As the study’s co-author, Georgia Tech associate psychology professor Eric Schumacher, wrote, “People with efficient brains may have too much brain capacity to stop their minds from wandering.”
In the study, 100 people had MRIs done of their brains to examine brain patterns. They were asked to focus on a fixed point for five minutes, which established a baseline for how their brains were operating in an awake, resting state. Then the team gave the participants tests that measured their intellectual and creative ability, and a questionnaire on how much their mind wandered in daily life. The results showed that people who reported daydreaming more often scored higher on intellectual ability and also had shown more efficient brain systems as measured in the MRI machine.
“People tend to think of mind wandering as something that is bad. You try to pay attention and you can’t,” wrote Schumacher. “Our data are consistent with the idea that this isn’t always true. Some people have more efficient brains.”
If you are a frequent daydreamer, your brain may simply have more capacity to think, and can tune out if you are performing an easy task. How can you tell? Are you seemingly oblivious, yet then able to focus back in without having missed important information? You probably have an efficient brain.
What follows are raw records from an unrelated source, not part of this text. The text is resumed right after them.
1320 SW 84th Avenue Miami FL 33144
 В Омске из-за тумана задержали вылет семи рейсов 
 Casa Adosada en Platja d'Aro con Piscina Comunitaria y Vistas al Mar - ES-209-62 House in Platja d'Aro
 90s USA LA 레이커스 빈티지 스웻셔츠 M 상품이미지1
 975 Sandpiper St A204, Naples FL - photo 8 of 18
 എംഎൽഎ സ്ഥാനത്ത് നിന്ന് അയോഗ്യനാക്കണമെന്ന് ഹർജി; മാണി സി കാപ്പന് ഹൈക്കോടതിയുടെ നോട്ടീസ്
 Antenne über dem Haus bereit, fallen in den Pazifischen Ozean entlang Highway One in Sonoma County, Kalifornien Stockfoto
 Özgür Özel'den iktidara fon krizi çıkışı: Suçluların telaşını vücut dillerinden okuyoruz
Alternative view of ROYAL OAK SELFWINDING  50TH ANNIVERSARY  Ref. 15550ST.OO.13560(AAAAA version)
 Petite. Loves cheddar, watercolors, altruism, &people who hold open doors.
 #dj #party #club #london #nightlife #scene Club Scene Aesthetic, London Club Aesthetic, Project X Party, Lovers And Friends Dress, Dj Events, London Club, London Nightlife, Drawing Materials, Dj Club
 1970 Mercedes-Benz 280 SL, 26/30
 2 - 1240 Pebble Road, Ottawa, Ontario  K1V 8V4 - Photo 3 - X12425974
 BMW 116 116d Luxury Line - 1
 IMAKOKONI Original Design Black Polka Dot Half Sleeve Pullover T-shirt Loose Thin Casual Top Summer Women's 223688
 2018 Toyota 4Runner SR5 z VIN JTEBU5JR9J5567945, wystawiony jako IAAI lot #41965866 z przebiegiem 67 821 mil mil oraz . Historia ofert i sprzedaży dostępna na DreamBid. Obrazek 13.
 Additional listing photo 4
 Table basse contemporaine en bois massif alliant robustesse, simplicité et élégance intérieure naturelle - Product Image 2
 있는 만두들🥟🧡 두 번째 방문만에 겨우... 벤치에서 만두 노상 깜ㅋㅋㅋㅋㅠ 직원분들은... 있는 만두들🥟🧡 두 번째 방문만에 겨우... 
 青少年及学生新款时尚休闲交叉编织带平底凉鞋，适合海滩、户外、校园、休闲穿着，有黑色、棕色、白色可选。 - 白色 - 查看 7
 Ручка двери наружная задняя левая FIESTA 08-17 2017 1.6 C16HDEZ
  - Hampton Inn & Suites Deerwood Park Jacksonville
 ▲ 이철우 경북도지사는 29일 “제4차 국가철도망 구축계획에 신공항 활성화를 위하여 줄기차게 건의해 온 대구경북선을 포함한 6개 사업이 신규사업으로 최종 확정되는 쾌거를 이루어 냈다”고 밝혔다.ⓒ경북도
Were you a child who picked up new lessons easily, then zoned out while the rest of the class caught up? Efficient brain.
The researchers say their study invites more questioning on understanding how intent may alter mind wandering—that is, how much we can stay focused on a task if we choose to—as well as instances when mind wandering can become problematic. Until then, I say, this is a great excuse to have at the ready!